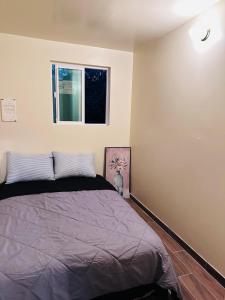 1 dormitorio con cama y ventana en Zen Home, en Santa Ana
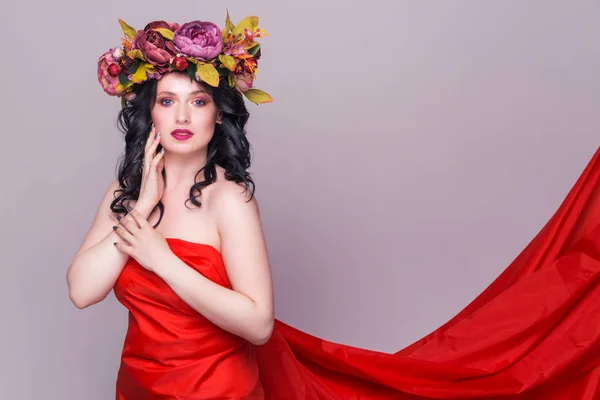 Красивая молодая брюнетка женщина модель с яркими цветами на голове в длинном красном платье на фиолетовом фоне — стоковое фото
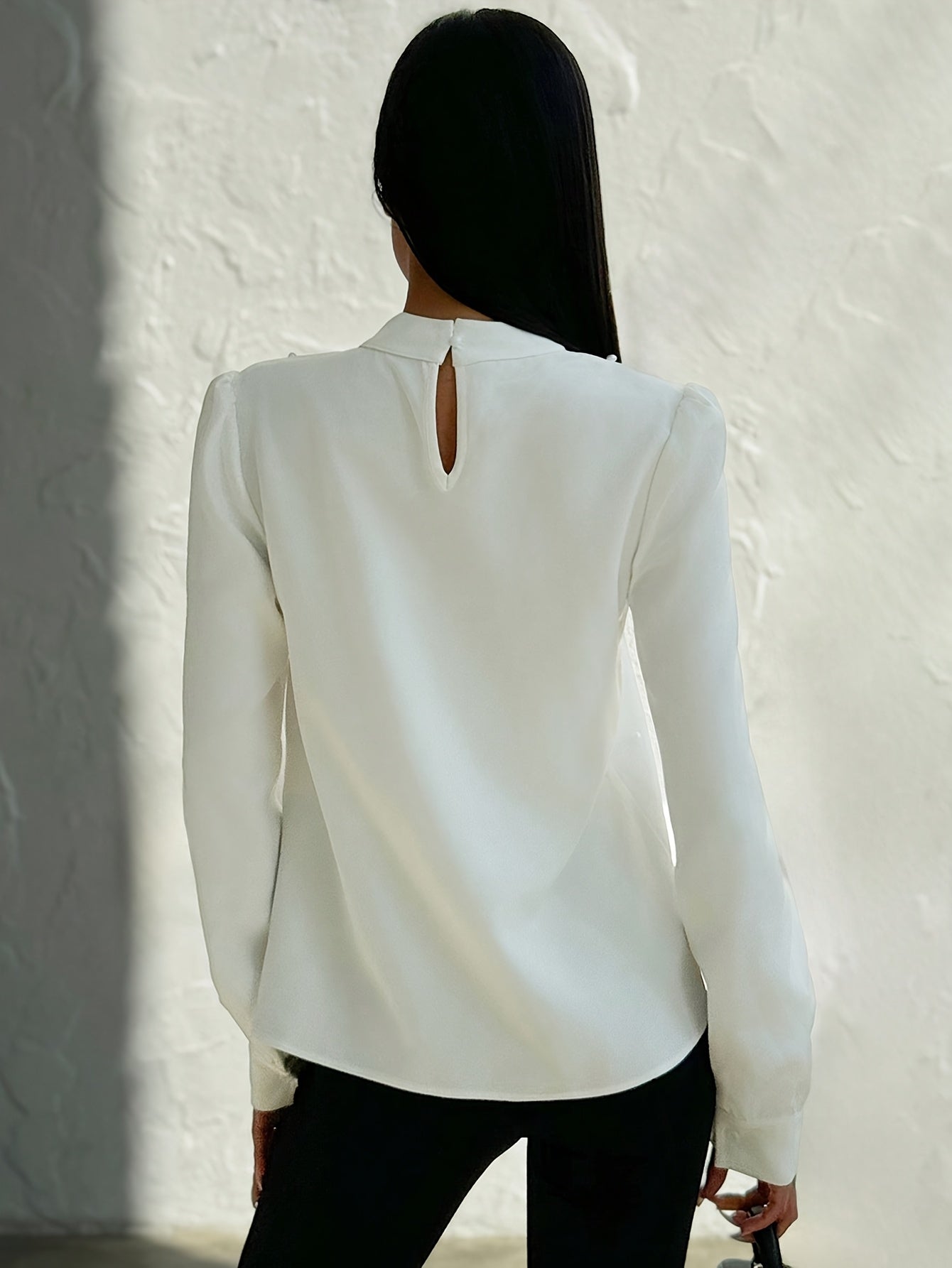 Blusa elegante para mujer con cuello adornado: camisa blanca de manga larga con botones de cuentas en la parte delantera y cuello alto estructurado.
______________________________
▶ **Problem description**: Once the pictures are set aside, output the whole listing exactly.

▶ **Answer section**:
 1 dormitorio con cama y ventana en Zen Home, en Santa Ana
 Красивая молодая брюнетка женщина модель с яркими цветами на голове в длинном красном платье на фиолетовом фоне — стоковое фото
 Blusa elegante para mujer con cuello adornado: camisa blanca de manga larga con botones de cuentas en la parte delantera y cuello alto estructurado.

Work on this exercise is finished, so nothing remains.